From Quick Guesses to Thoughtful Drafts: How MetaStone-S1 Makes a 32 B Model Rival OpenAI o3-mini


1. Why Do Large Language Models Need Draft Paper?

Imagine you are taking a tough math final.
If you must write the final answer in one shot, you will probably lose points.
Give yourself scratch paper, let yourself jot down three different approaches, and then hand in the cleanest version—your score jumps.

Large language models (LLMs) face the same problem.
Traditional models generate one answer and stop.
A newer idea called Test-Time Scaling (TTS) lets the model create many “draft solutions” at inference time, score them, and return the best one.

MetaStone-S1 (nick-named XBai o4 in the open-source release) pushes this idea further:

  • 32 billion parameters only
  • No human step-by-step labels required
  • One network drafts, scores, and chooses
  • Matches or beats OpenAI o3-mini-medium on math, coding, and Chinese reasoning tasks

Below you will find the entire story in everyday terms, plus copy-paste commands to run it yourself.


2. Two Flavors of Test-Time Scaling

Approach How It Works Pain Points
Internal TTS (long chain-of-thought) The model writes a very long monologue before the final answer Can “over-think,” burns tokens, still blind to its own errors
External TTS (draft + scorer) Generate many short drafts in parallel, use a second model to pick the best Needs a separate scoring model—extra cost and latency

MetaStone-S1 keeps the external spirit but removes the extra cost.


3. Meet the “Reflective Generative Form”

Think of one neural network wearing two hats:

  1. Policy Hat – writes k different scratch solutions inside special <think></think> blocks
  2. Scorer Hat – reads each scratch line-by-line and returns a quality score

The same transformer body is used for both hats.
Only 53 M extra weights (a tiny classifier head) are added on top of a 32 B model.

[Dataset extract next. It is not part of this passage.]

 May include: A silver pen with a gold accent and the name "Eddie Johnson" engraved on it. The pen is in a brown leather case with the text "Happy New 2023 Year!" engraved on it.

3.1 How the scorer learns without human labels

Classic Process Reward Models (PRMs) need humans to mark every step right or wrong.
MetaStone-S1’s Self-supervised Process Reward Model (SPRM) only needs the final answer label (correct / wrong).

Training trick:

  1. For every draft, compute a score for each step.
  2. Compare the weighted average of step scores to the final answer.
  3. Keep the gradient only when the model’s own guess agrees with the final label.
  4. Over time the score gap between good and bad steps widens—researchers call this the “aha moment”.

4. Three-Step Inference Pipeline

Step Purpose Example Command
1. Start scorer API Turns the SPRM head into a micro-service python test/score_model_queue.py …
2. Start generator API Serves the policy head python test/policy_model_queue.py …
3. Run benchmark Sends questions to both APIs, picks best draft python test/inference.py …

All scripts are in the official repo.
They work out-of-the-box on a single A100 or even an RTX 4090 if you pick the 1.5 B variant.


5. What the Numbers Say

5.1 Benchmarks used

  • AIME24 & AIME25 – elite high-school math contests
  • LiveCodeBench v5 – real programming problems from LeetCode, AtCoder, CodeForces
  • C-EVAL – Chinese language and reasoning tasks

Metric: Pass@1 – one answer per question, average over 64 random seeds.

5.2 Main results (averaged)

Model AIME24 AIME25 LiveCodeBench v5 C-EVAL
OpenAI o3-mini-medium 79.6 74.8 66.3 75.9
MetaStone-S1 32 B – high 85.2 73.6 64.2 89.7
Delta +5.6 –1.2 –2.1 +13.8

MetaStone-S1 wins on math and Chinese tasks, stays competitive on code.

5.3 Smaller footprints still punch above their weight

Size Model AIME24 Beats
1.5 B MetaStone-S1-high 57.9 R1-Distill-Qwen-7B
7 B MetaStone-S1-high 70.2 QwQ-32B

This means students or indie developers with limited GPUs can still run a strong reasoner.


6. Deeper Dive: The “Aha Moment” and Scaling Laws

6.1 The aha moment visualized

Early in training, good and bad scratch solutions receive almost the same score.
Around 10 k–50 k training steps (depending on model size) the curves suddenly split—researchers plot this as the green dashed line below.

aha-moment
Figure 4 in the paper – score trajectories before and after the split

After the split, the SPRM reliably assigns low scores to faulty algebra or buggy code.

6.2 Scaling law

Define compute budget C = model parameters × total draft tokens.
Across 1.5 B, 7 B, and 32 B versions, accuracy grows roughly as log(C) until about 32× the base token budget.
Beyond that, gains flatten—so Best-of-32 is the sweet spot.


7. Ablation: Why Not Just Use a Big External PRM?

Scoring Model Extra Params AIME24 1.5 B AIME24 7 B
Qwen2.5-Math-PRM 72 B 56.7 68.8
SPRM (ours) 5 M / 26 M 57.9 70.2

A 72-billion-parameter external scorer is slower, costlier, and weaker than the tiny SPRM head inside MetaStone-S1.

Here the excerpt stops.